REQUIREMENT: Only lines, not pictures: please repeat exactly the lines from the one with "A.B.S. Stiller Block | 270679" through the end of the listing.

DATA RECORDS:
= = = = = = =

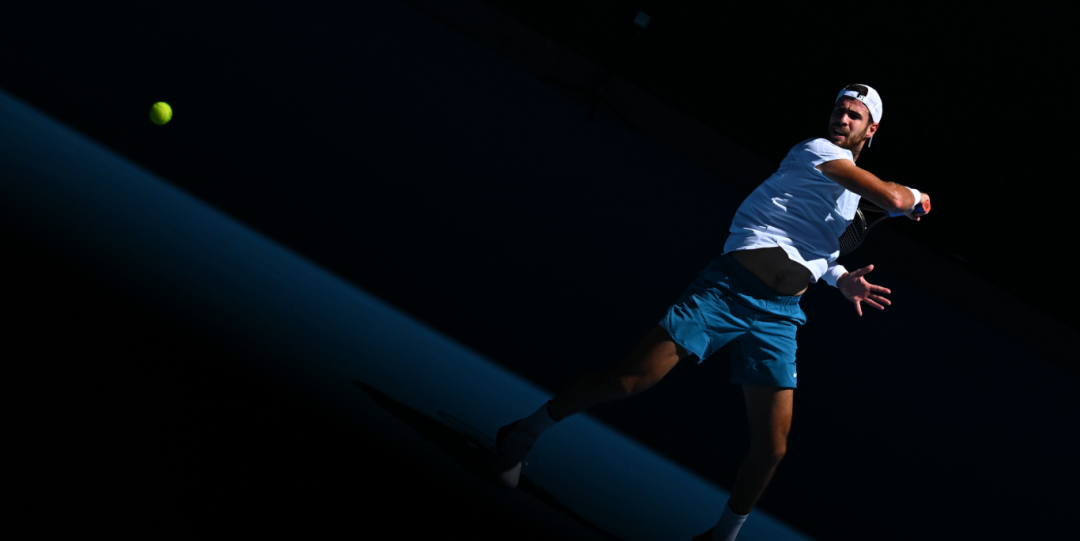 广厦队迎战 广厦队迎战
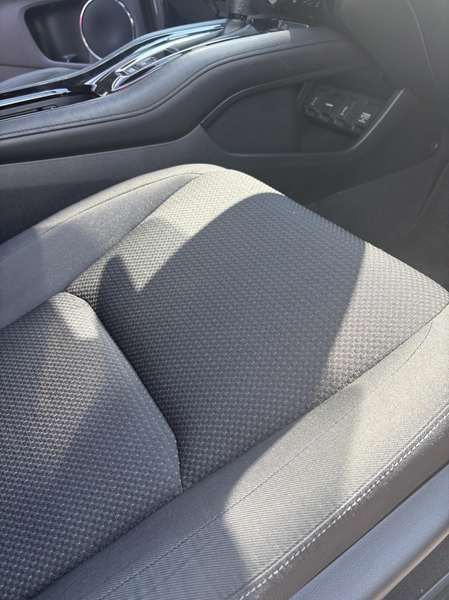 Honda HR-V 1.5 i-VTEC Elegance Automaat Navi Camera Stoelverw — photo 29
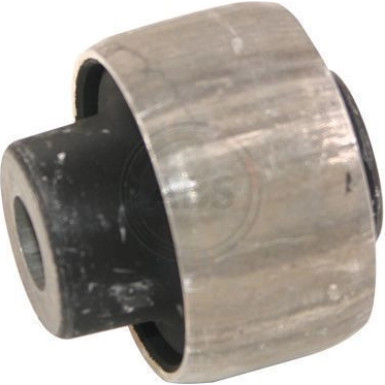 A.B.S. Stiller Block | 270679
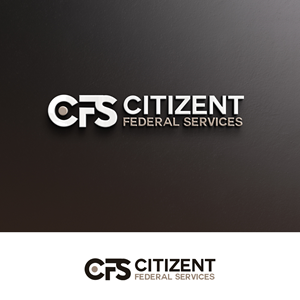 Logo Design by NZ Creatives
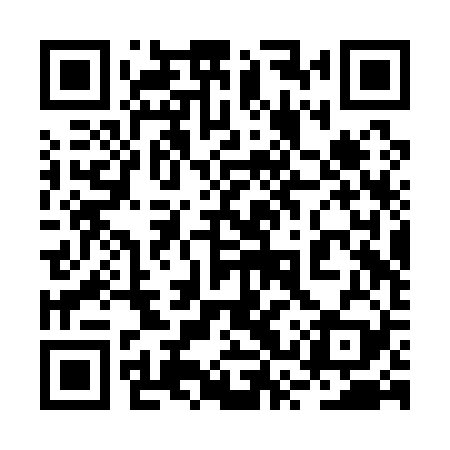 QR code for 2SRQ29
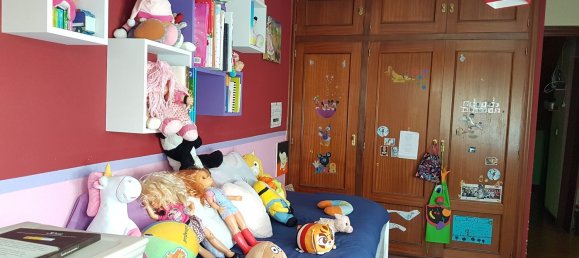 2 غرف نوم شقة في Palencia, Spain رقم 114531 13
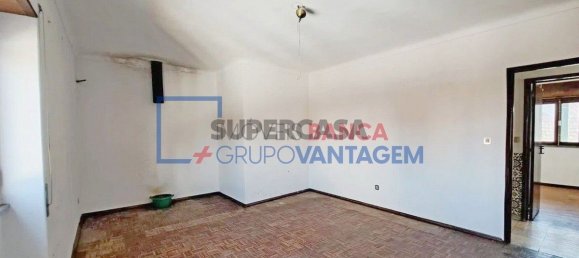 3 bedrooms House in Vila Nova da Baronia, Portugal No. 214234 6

= = = = = = =

ANSWER SPACE:
 A.B.S. Stiller Block | 270679
 Logo Design by NZ Creatives
 QR code for 2SRQ29
 2 غرف نوم شقة في Palencia, Spain رقم 114531 13
 3 bedrooms House in Vila Nova da Baronia, Portugal No. 214234 6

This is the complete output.